**Task details:** Please restate the entries below word for word, leaving out any pictures.

**Extracted entries:**

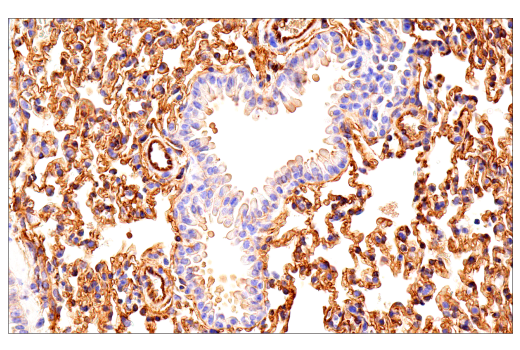 Immunohistochemistry Image 2: Crry (E9F1S) Rabbit Monoclonal Antibody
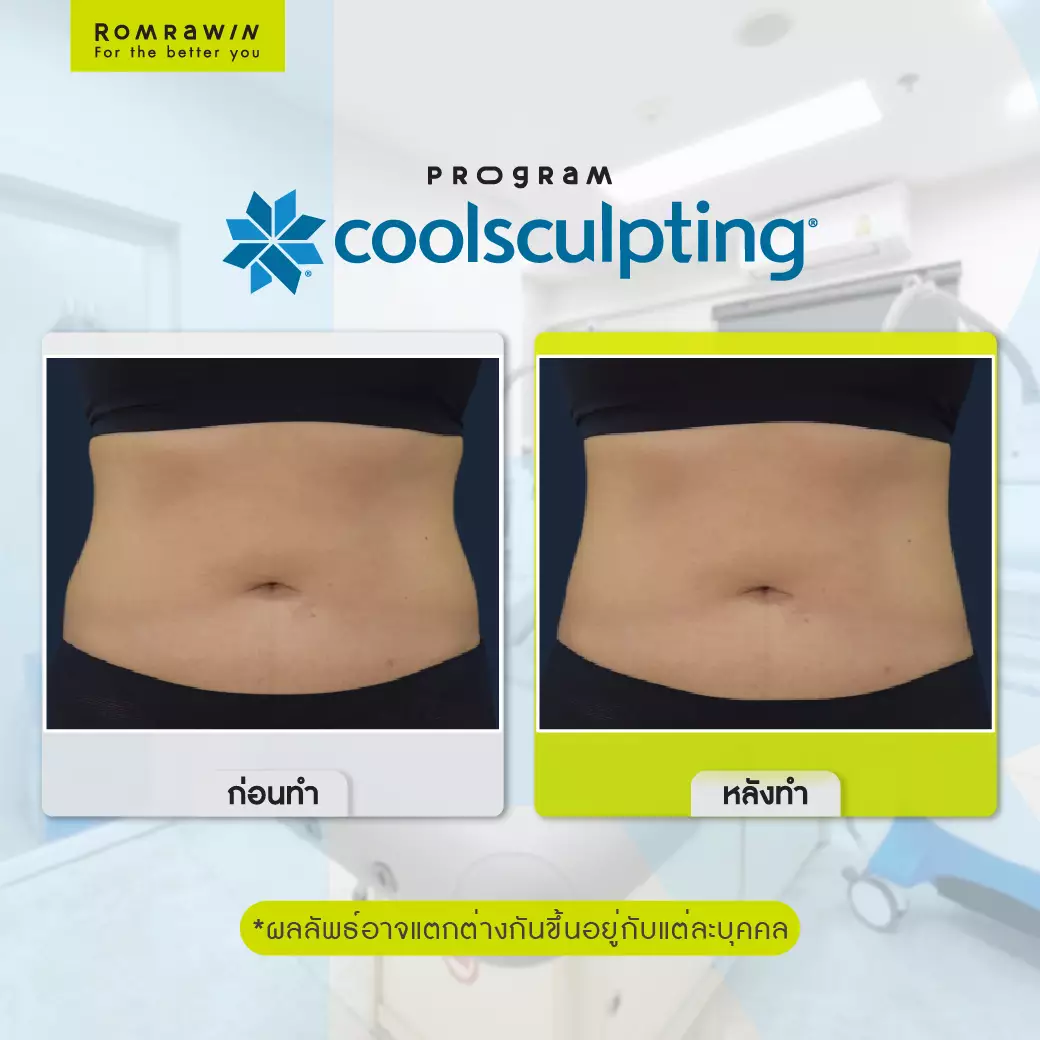 Coolsculpting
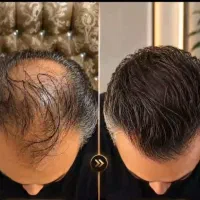 دیگر نیازی به کاشت مو نیست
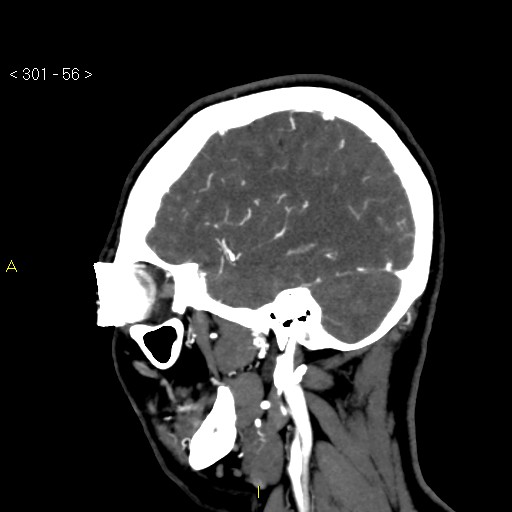 File:Basilar artery thrombosis (Radiopaedia 16260-15944 C 50).jpg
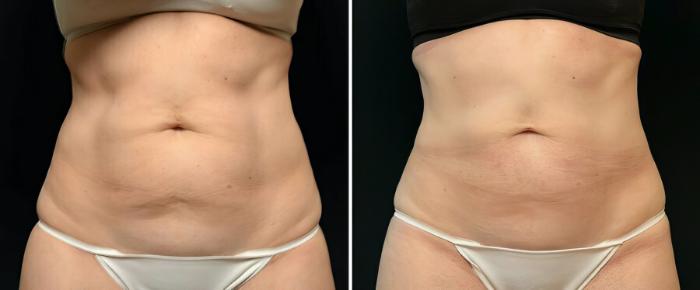 Before & After CoolSculpting Case 17801 View #1 View in Alpharetta, GA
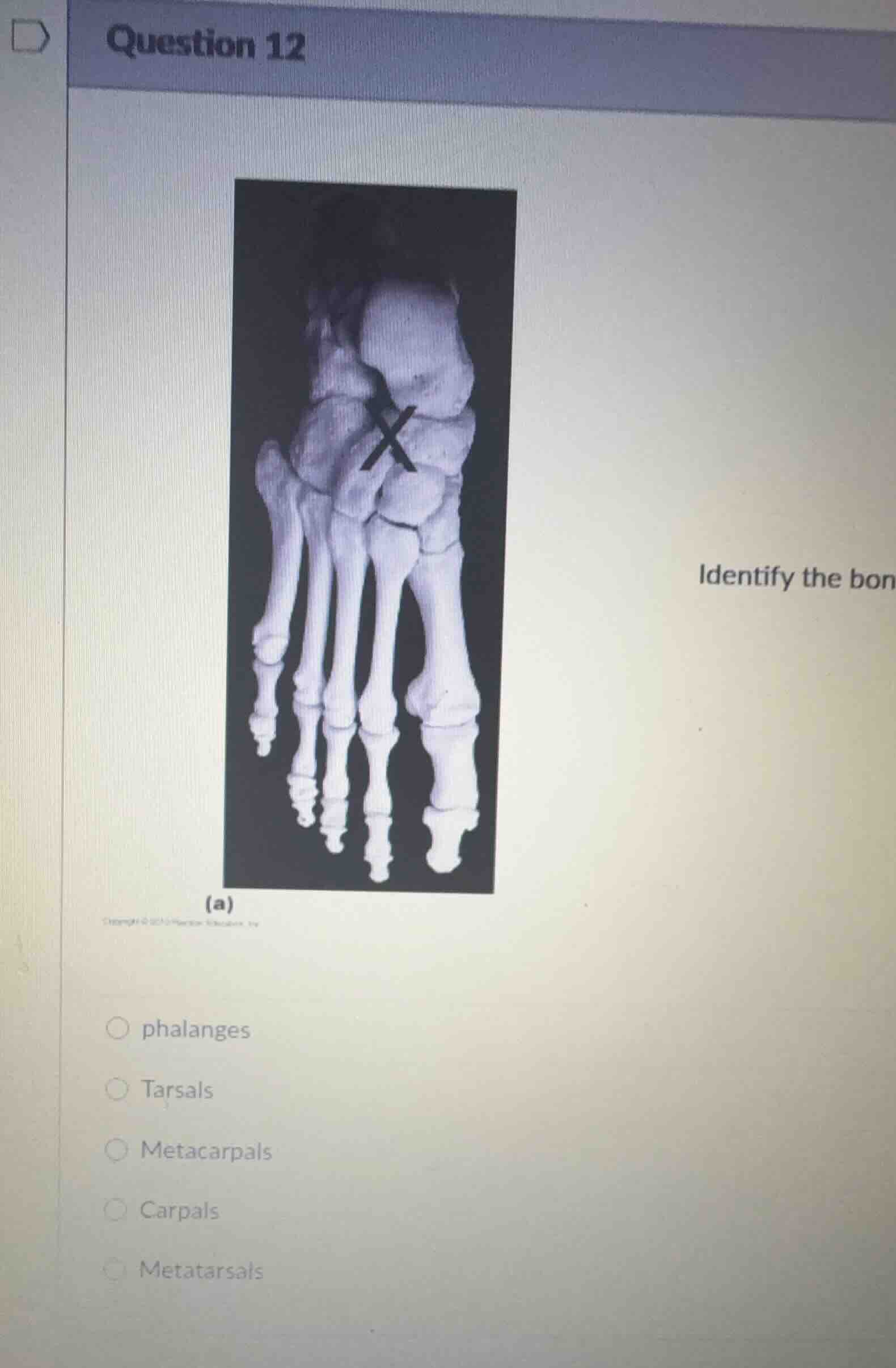 question 12 identify the bon (a) ○ phalanges ○ tarsals ○ metacarpals ○ …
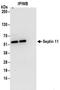 Septin 11 antibody, NBP2-32159, Novus Biologicals, Immunoprecipitation image 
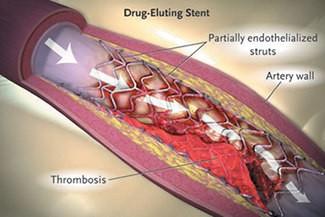 Stent thrombosis (ST) stratifikáció ST:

**Answer below:**
 Immunohistochemistry Image 2: Crry (E9F1S) Rabbit Monoclonal Antibody
 Coolsculpting
 دیگر نیازی به کاشت مو نیست
 File:Basilar artery thrombosis (Radiopaedia 16260-15944 C 50).jpg
 Before & After CoolSculpting Case 17801 View #1 View in Alpharetta, GA
 question 12 identify the bon (a) ○ phalanges ○ tarsals ○ metacarpals ○ …
 Septin 11 antibody, NBP2-32159, Novus Biologicals, Immunoprecipitation image 
 Stent thrombosis (ST) stratifikáció ST:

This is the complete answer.